EXERCISE OBJECTIVE. Line by line, print the records exactly.

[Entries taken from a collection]
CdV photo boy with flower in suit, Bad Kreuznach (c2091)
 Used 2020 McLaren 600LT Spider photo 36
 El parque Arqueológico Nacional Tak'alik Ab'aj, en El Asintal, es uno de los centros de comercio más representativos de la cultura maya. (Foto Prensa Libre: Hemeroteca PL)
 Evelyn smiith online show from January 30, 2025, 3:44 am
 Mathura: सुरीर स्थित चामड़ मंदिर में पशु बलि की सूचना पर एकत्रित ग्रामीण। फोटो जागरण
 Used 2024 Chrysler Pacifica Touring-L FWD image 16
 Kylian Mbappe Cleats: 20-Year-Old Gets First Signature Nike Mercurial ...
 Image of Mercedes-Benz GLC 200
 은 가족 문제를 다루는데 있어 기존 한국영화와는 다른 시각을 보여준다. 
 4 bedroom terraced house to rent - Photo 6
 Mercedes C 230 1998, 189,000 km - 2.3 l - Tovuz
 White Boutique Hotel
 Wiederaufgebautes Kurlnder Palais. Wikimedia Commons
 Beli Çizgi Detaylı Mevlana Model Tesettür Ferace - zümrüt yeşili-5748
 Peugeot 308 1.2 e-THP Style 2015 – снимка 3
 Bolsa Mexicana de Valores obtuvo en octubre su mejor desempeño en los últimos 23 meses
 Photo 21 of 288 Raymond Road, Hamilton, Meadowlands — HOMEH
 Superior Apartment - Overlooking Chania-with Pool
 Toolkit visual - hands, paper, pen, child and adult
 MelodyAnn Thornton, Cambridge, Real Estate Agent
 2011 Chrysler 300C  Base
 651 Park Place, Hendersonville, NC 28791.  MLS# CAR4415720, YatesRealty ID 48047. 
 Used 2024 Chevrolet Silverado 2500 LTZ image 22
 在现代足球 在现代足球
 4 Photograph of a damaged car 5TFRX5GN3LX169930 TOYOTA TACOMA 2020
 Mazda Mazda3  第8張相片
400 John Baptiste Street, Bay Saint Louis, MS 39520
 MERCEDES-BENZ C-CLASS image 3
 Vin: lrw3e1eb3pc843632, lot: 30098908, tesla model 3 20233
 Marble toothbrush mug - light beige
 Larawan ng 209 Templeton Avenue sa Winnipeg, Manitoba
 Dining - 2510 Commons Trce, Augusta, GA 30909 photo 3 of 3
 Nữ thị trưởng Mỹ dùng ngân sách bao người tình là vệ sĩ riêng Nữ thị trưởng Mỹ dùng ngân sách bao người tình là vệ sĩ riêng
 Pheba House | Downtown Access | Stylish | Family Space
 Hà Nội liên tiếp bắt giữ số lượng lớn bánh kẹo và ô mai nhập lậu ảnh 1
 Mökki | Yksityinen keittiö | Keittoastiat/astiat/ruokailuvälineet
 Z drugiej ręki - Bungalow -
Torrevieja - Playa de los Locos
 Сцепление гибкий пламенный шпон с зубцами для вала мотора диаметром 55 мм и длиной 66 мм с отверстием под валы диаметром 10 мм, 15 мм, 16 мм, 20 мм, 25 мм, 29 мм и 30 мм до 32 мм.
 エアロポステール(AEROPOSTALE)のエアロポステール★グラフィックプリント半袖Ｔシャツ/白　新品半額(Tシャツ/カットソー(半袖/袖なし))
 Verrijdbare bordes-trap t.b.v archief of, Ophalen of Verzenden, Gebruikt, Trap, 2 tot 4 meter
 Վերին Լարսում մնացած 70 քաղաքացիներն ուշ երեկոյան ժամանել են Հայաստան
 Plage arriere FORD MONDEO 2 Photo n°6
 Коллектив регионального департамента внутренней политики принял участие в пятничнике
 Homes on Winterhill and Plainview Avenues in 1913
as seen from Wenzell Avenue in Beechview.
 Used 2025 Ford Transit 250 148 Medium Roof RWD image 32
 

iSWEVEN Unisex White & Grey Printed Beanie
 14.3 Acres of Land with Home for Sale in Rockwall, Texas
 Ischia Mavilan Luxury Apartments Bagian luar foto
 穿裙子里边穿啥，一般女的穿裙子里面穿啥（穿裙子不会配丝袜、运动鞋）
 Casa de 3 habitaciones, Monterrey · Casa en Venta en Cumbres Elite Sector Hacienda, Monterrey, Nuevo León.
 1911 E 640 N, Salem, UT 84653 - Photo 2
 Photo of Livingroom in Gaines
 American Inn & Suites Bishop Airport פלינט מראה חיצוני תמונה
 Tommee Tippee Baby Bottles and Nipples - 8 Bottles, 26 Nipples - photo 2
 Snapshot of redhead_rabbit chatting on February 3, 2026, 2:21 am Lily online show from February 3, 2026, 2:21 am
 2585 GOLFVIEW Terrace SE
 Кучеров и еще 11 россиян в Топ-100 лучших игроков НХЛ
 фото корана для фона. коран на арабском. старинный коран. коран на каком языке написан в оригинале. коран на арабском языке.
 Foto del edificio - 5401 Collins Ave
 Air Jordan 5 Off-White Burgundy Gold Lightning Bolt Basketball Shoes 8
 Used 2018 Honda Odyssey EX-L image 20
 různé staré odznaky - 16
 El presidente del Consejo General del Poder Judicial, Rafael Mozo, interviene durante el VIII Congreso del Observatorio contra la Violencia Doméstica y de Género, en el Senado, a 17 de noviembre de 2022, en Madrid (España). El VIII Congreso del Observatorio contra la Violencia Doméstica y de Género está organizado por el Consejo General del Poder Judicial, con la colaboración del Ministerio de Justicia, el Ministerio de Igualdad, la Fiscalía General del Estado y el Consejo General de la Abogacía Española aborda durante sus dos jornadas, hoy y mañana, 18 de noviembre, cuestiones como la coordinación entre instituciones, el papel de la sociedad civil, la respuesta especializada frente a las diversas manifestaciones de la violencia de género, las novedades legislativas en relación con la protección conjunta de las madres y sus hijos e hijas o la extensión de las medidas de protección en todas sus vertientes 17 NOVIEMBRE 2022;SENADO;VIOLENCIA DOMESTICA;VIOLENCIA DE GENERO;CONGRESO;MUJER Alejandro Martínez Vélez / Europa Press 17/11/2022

OUTPUT FOR THIS EXERCISE.
CdV photo boy with flower in suit, Bad Kreuznach (c2091)
 Used 2020 McLaren 600LT Spider photo 36
 El parque Arqueológico Nacional Tak'alik Ab'aj, en El Asintal, es uno de los centros de comercio más representativos de la cultura maya. (Foto Prensa Libre: Hemeroteca PL)
 Evelyn smiith online show from January 30, 2025, 3:44 am
 Mathura: सुरीर स्थित चामड़ मंदिर में पशु बलि की सूचना पर एकत्रित ग्रामीण। फोटो जागरण
 Used 2024 Chrysler Pacifica Touring-L FWD image 16
 Kylian Mbappe Cleats: 20-Year-Old Gets First Signature Nike Mercurial ...
 Image of Mercedes-Benz GLC 200
 은 가족 문제를 다루는데 있어 기존 한국영화와는 다른 시각을 보여준다. 
 4 bedroom terraced house to rent - Photo 6
 Mercedes C 230 1998, 189,000 km - 2.3 l - Tovuz
 White Boutique Hotel
 Wiederaufgebautes Kurlnder Palais. Wikimedia Commons
 Beli Çizgi Detaylı Mevlana Model Tesettür Ferace - zümrüt yeşili-5748
 Peugeot 308 1.2 e-THP Style 2015 – снимка 3
 Bolsa Mexicana de Valores obtuvo en octubre su mejor desempeño en los últimos 23 meses
 Photo 21 of 288 Raymond Road, Hamilton, Meadowlands — HOMEH
 Superior Apartment - Overlooking Chania-with Pool
 Toolkit visual - hands, paper, pen, child and adult
 MelodyAnn Thornton, Cambridge, Real Estate Agent
 2011 Chrysler 300C  Base
 651 Park Place, Hendersonville, NC 28791.  MLS# CAR4415720, YatesRealty ID 48047. 
 Used 2024 Chevrolet Silverado 2500 LTZ image 22
 在现代足球 在现代足球
 4 Photograph of a damaged car 5TFRX5GN3LX169930 TOYOTA TACOMA 2020
 Mazda Mazda3  第8張相片
400 John Baptiste Street, Bay Saint Louis, MS 39520
 MERCEDES-BENZ C-CLASS image 3
 Vin: lrw3e1eb3pc843632, lot: 30098908, tesla model 3 20233
 Marble toothbrush mug - light beige
 Larawan ng 209 Templeton Avenue sa Winnipeg, Manitoba
 Dining - 2510 Commons Trce, Augusta, GA 30909 photo 3 of 3
 Nữ thị trưởng Mỹ dùng ngân sách bao người tình là vệ sĩ riêng Nữ thị trưởng Mỹ dùng ngân sách bao người tình là vệ sĩ riêng
 Pheba House | Downtown Access | Stylish | Family Space
 Hà Nội liên tiếp bắt giữ số lượng lớn bánh kẹo và ô mai nhập lậu ảnh 1
 Mökki | Yksityinen keittiö | Keittoastiat/astiat/ruokailuvälineet
 Z drugiej ręki - Bungalow -
Torrevieja - Playa de los Locos
 Сцепление гибкий пламенный шпон с зубцами для вала мотора диаметром 55 мм и длиной 66 мм с отверстием под валы диаметром 10 мм, 15 мм, 16 мм, 20 мм, 25 мм, 29 мм и 30 мм до 32 мм.
 エアロポステール(AEROPOSTALE)のエアロポステール★グラフィックプリント半袖Ｔシャツ/白　新品半額(Tシャツ/カットソー(半袖/袖なし))
 Verrijdbare bordes-trap t.b.v archief of, Ophalen of Verzenden, Gebruikt, Trap, 2 tot 4 meter
 Վերին Լարսում մնացած 70 քաղաքացիներն ուշ երեկոյան ժամանել են Հայաստան
 Plage arriere FORD MONDEO 2 Photo n°6
 Коллектив регионального департамента внутренней политики принял участие в пятничнике
 Homes on Winterhill and Plainview Avenues in 1913
as seen from Wenzell Avenue in Beechview.
 Used 2025 Ford Transit 250 148 Medium Roof RWD image 32
 

iSWEVEN Unisex White & Grey Printed Beanie
 14.3 Acres of Land with Home for Sale in Rockwall, Texas
 Ischia Mavilan Luxury Apartments Bagian luar foto
 穿裙子里边穿啥，一般女的穿裙子里面穿啥（穿裙子不会配丝袜、运动鞋）
 Casa de 3 habitaciones, Monterrey · Casa en Venta en Cumbres Elite Sector Hacienda, Monterrey, Nuevo León.
 1911 E 640 N, Salem, UT 84653 - Photo 2
 Photo of Livingroom in Gaines
 American Inn & Suites Bishop Airport פלינט מראה חיצוני תמונה
 Tommee Tippee Baby Bottles and Nipples - 8 Bottles, 26 Nipples - photo 2
 Snapshot of redhead_rabbit chatting on February 3, 2026, 2:21 am Lily online show from February 3, 2026, 2:21 am
 2585 GOLFVIEW Terrace SE
 Кучеров и еще 11 россиян в Топ-100 лучших игроков НХЛ
 фото корана для фона. коран на арабском. старинный коран. коран на каком языке написан в оригинале. коран на арабском языке.
 Foto del edificio - 5401 Collins Ave
 Air Jordan 5 Off-White Burgundy Gold Lightning Bolt Basketball Shoes 8
 Used 2018 Honda Odyssey EX-L image 20
 různé staré odznaky - 16
 El presidente del Consejo General del Poder Judicial, Rafael Mozo, interviene durante el VIII Congreso del Observatorio contra la Violencia Doméstica y de Género, en el Senado, a 17 de noviembre de 2022, en Madrid (España). El VIII Congreso del Observatorio contra la Violencia Doméstica y de Género está organizado por el Consejo General del Poder Judicial, con la colaboración del Ministerio de Justicia, el Ministerio de Igualdad, la Fiscalía General del Estado y el Consejo General de la Abogacía Española aborda durante sus dos jornadas, hoy y mañana, 18 de noviembre, cuestiones como la coordinación entre instituciones, el papel de la sociedad civil, la respuesta especializada frente a las diversas manifestaciones de la violencia de género, las novedades legislativas en relación con la protección conjunta de las madres y sus hijos e hijas o la extensión de las medidas de protección en todas sus vertientes 17 NOVIEMBRE 2022;SENADO;VIOLENCIA DOMESTICA;VIOLENCIA DE GENERO;CONGRESO;MUJER Alejandro Martínez Vélez / Europa Press 17/11/2022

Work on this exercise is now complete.